#### Data extract:
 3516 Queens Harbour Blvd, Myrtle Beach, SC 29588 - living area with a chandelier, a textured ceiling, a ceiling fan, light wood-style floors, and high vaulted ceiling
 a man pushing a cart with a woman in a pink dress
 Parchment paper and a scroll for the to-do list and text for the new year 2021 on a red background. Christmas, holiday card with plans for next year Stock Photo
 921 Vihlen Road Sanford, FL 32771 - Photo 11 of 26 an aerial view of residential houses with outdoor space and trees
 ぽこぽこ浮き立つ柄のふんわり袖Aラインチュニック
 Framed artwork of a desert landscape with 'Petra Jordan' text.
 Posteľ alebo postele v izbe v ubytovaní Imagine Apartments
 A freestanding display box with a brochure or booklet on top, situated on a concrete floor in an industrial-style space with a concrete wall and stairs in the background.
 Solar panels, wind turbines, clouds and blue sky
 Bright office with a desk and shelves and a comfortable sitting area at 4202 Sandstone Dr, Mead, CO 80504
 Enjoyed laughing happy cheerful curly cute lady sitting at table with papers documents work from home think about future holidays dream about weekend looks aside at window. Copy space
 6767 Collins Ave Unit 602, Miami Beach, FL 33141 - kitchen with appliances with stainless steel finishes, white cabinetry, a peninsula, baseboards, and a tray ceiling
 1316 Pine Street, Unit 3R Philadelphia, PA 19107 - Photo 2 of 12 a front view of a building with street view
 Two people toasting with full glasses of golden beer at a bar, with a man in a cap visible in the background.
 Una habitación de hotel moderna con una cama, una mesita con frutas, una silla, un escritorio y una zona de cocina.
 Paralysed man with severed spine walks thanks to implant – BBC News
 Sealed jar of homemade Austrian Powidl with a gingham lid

#### Your instructions:
Report all lines in the records that include the string "ceiling".

#### Your response:
 3516 Queens Harbour Blvd, Myrtle Beach, SC 29588 - living area with a chandelier, a textured ceiling, a ceiling fan, light wood-style floors, and high vaulted ceiling
 6767 Collins Ave Unit 602, Miami Beach, FL 33141 - kitchen with appliances with stainless steel finishes, white cabinetry, a peninsula, baseboards, and a tray ceiling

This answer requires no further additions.